AKP’nin Kürt politikası öylesine yanlış yönetilmiştir ki, günümüzde olay halklar arası çatışmalara yayılmak durumundadır. Halklar arası çatışmalar oluşan kin ve nefretin olduğu kadar, toplum kademelerinde oluşan söz konusu olumsuz duyguların uzun süre kalacağının da çok ciddi göstergesidir. Mücadele bu psikolojiyi de dikkate alarak yürütülmeli idi. Pek ümitli olmamakla beraber, umalım ki, bundan böyle salt anlık mücadelenin mekanik sonuçlarında değil, ondan daha da önemli olarak mücadelenin toplumlardaki kalıcı sonuçlar üzerinde yoğunlaşılır.
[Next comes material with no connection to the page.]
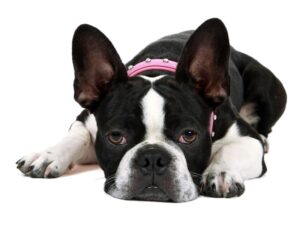 Boston Frenchie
Kürt meselesi toplumsal bir mesele niteliği ile çözümü yönünden bir partinin, hele de bir kişinin inhisarında değildir, olamaz da! Tüm toplumu ve tarafları ilgilendiren bu konu parlamentonun tüm bileşenlerinin müzakere ve görüşüne açık olmalıdır. AKP, bu bağlamda hem parti hem de devlet konumunda oyuncu olamaz. AKP’nin bu tutumu çözümü geciktirip, tüm taraflar için toplumsal acıları yükseltmektedir. Konu ne kadar anayasal mesele ise, o denli de tüm parlamentonun bilgi, yetki ve karar alanındadır. AKP bu kurala uymadığı sürece çözüm sağlanamaz! HDP’yi sakin geçen bir çirkin oyun dönemi ertesinde sıkıştırmaya çalışan AKP, çözümsüzlük ve artan üzüntülerin altında sıkışarak ezilmek durumundadır!